Brent is fast becoming the most interesting oil contract, falling 2% overnight to its lowest level in over four years on the active contract. Brent is the oil contract that drives Asia and the consumer positive impact aside on cheaper petrol Brent sub US$45 a barrel makes internal rates of return for Asian oil and gas project sub 8%, which is sub-optimal and sub-investment grade. Brent is down 23.83% year-to-date and is the worst performing major contract in the energies complex.

Gold is also not seeing its normal ‘safe-haven’ buying in this market. It lost a further 1% to be down 9.54% for the year. The buying of US treasuries and JPY is clearly more attractive for safe haven monies than gold currently as the fundamentals in each well outweigh the inert metal.

Ahead of the Australian Open

The RBA minutes yesterday were as neutral as neutral can get, although the clear easing bias from the statement was still included as it pointed out forecasted earnings beginning downgraded, a tightening in financial conditions and a benign inflation outlook.

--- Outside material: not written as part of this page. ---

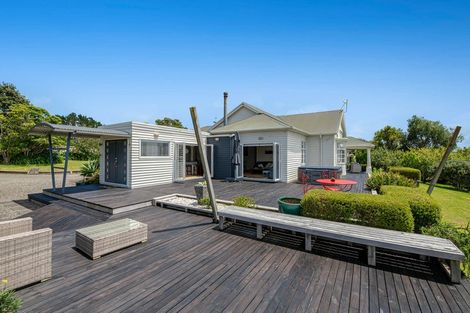 Photo of property in 154 Te Kanae Road, South Head, Helensville, 0874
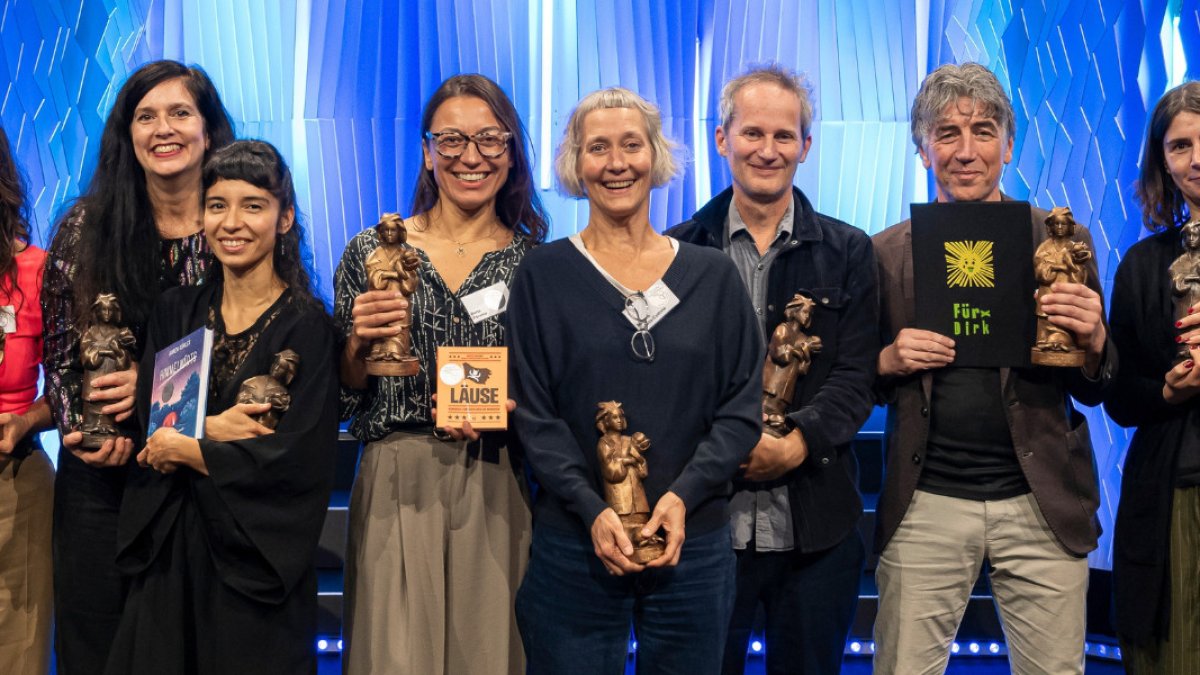 Foto de familiar de los premiados, con Páramo y Kuballa-Cottone en el centro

However, like September, the October minutes clearly point out ‘that the prospects for an improvement in economic conditions had firmed over recent months’ and confidence in the economy is growing. The ASX is still to register this as the revenue growth in major Australian firms is still to be seen, however the conclusion from the minutes is one of cuts being off the table for the foreseeable future. It puts a floor in the AUD and a slight negative favour to equities.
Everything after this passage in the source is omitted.